→ **EXERCISE GOAL**:
The lines to reproduce from the material below are those from the one containing "Protect The Kids" through the one containing "Fossilized Mammoth Ivory", both included; write them out exactly and add nothing.

→ **GIVEN ENTRIES**:
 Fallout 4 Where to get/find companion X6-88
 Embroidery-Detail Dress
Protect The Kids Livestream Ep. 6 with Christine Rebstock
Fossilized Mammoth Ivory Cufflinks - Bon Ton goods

* * *

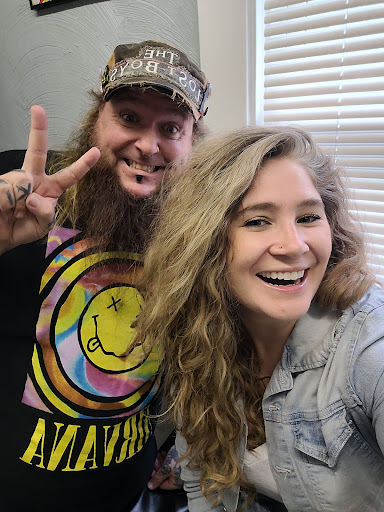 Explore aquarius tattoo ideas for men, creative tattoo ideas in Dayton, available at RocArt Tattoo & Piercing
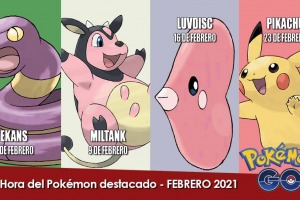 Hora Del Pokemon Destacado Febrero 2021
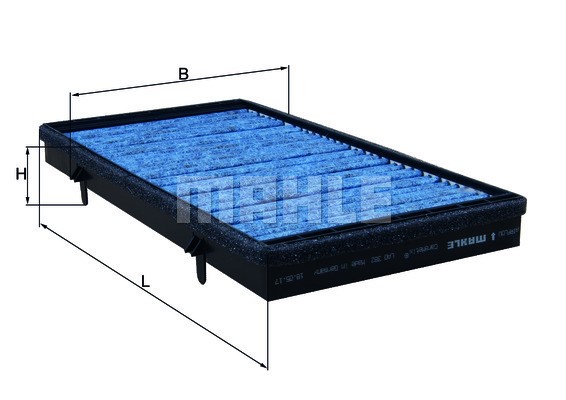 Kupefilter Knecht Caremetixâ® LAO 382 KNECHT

==

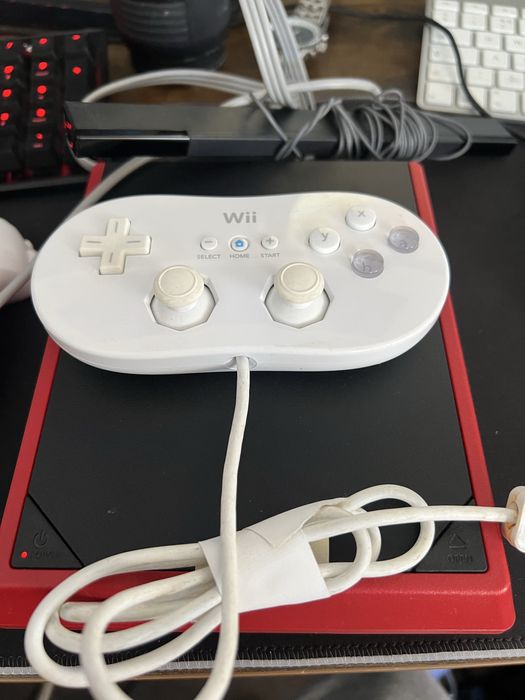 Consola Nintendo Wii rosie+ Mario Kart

→ **EXERCISE ANSWER**:
Protect The Kids Livestream Ep. 6 with Christine Rebstock
Fossilized Mammoth Ivory Cufflinks - Bon Ton goods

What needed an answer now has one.